Ein Hunderttausend-Mark-Schein © Getty Images

Die Bilder sind für Sparer und Zentralbanker schlimmer als jeder Horrorfilm: Hausfrauen, die Schubkarren voller Geld zum Bäcker schieben, Handwerker, die ihren hart verdienten Lohn an die Wand kleistern, weil Geldscheine weniger wert sind als Tapete. Hunderte dieser Fotos hängen in deutschen Museen, sie stammen aus der Zeit der Hyperinflation von 1923. Tag für Tag verlor die Deutsche Mark damals rasant an Wert. Am Ende mussten für einen Dollar mehr als vier Billionen Mark bezahlt werden.

Auch wenn nur wenige Deutsche die Hyperinflation selbst erlebt haben, wirkt der Schreck bis heute nach. Die Unabhängigkeit von Bundesbank und EZB sowie das Verbot, Staatsanleihen der eigenen Regierung zu kaufen, gehen unmittelbar auf die deutschen Erfahrungen der zwanziger Jahre zurück. Weil die Regierung damals keine Abnehmer für ihre Staatsanleihen fand, sprang die Notenbank ein und versorgte den Staat mit frischem Geld. Die Geldmenge stieg stark an und es kam zu einer zerstörerischen Spirale aus steigenden Löhnen und Preisen. Das soll sich nicht wiederholen, sagten sich die Gründerväter der Bundesbank.

Die Lehren aus der Hyperinflation sind inzwischen verblasst, so scheint es zumindest.
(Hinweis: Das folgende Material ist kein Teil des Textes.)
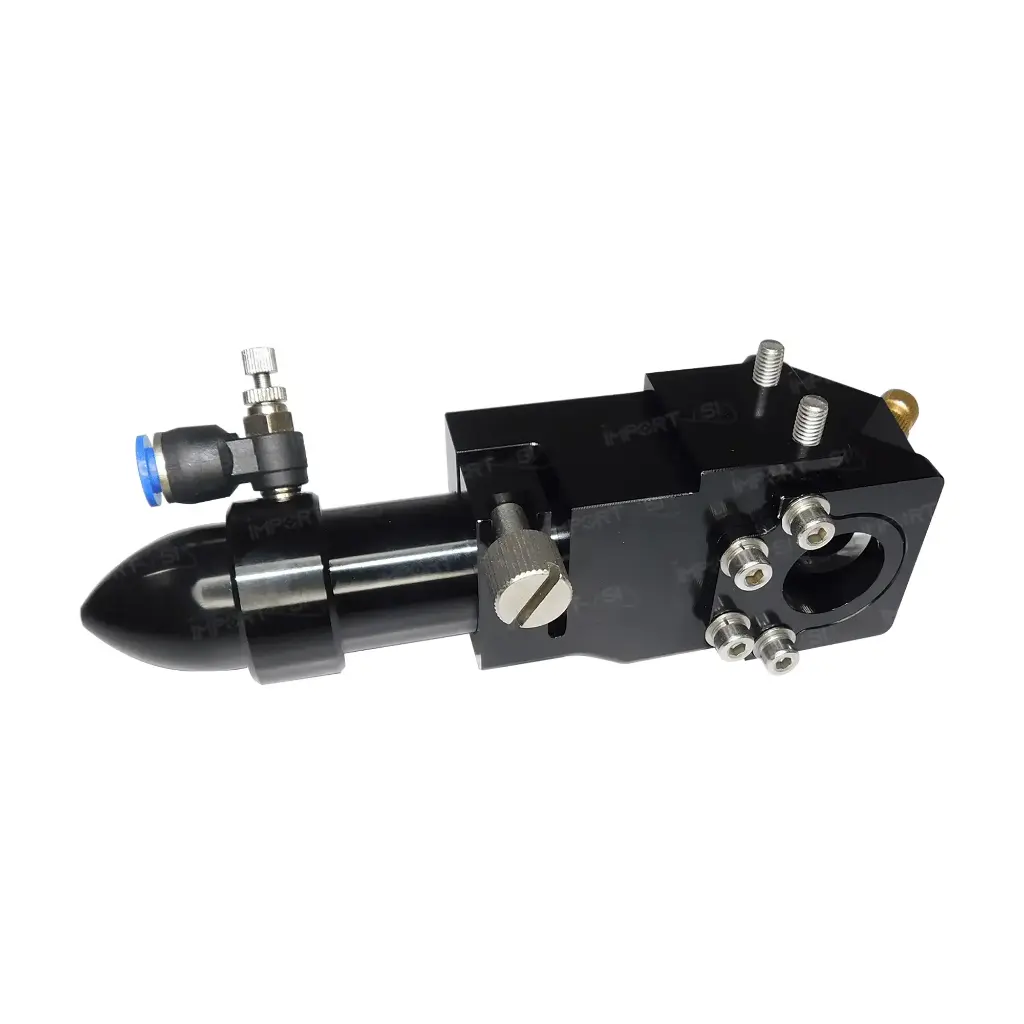 Cabezal para maquina laser AEON serie NOVA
In der Euro-Krise kauft die EZB Staatsanleihen, wenn es sein muss auch unbegrenzt. Viele Ökonomen zweifeln heute an der Unabhängigkeit der Geldhüter in Frankfurt. Die Voraussetzungen scheinen ähnlich zu sein wie in den Zeiten der Hyperinflation. Wiederholt sich die Geschichte?
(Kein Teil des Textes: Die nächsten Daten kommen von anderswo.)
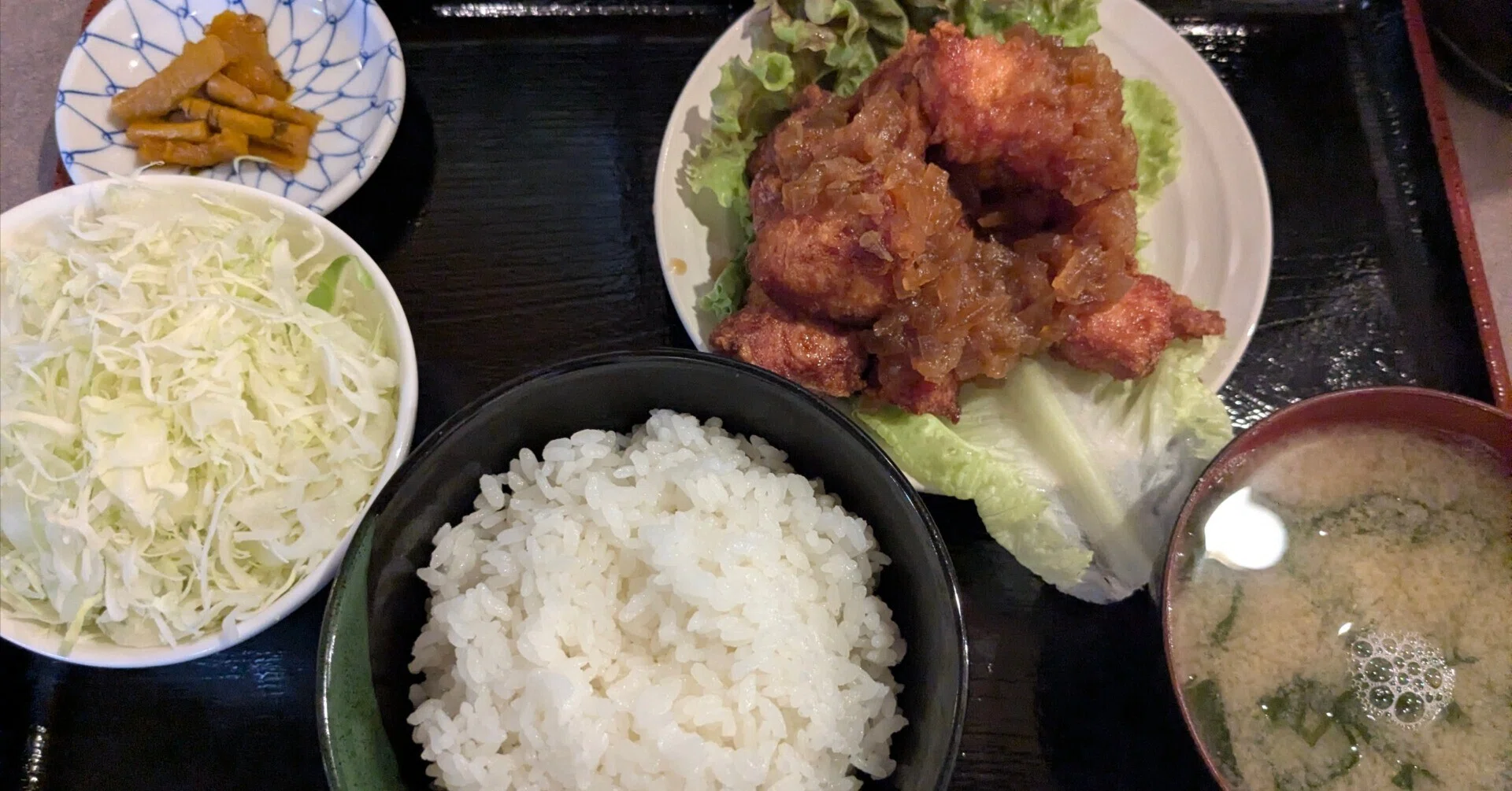 6月29日～7月5日｜sichi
Die beiden Ökonomen Steve Hanke und Nicholas Krus von der John Hopkins Universität in Baltimore sind dieser Frage in einer aufwändigen Studie nachgegangen. Sie haben alle Fälle von Hyperinflation, bei denen die Preise pro Monat um mindestens 50 Prozent gestiegen sind, recherchiert und untersucht, was zu der fatalen Teuerung geführt hat. Ein schwieriges Unterfangen, denn oft gibt es über die Zeit von Hyperinflationen nur wenige verlässliche Daten. Wenn die Preise im Stundenrhythmus steigen, kommen Statistiker mit der Buchführung meistens nicht mehr hinterher.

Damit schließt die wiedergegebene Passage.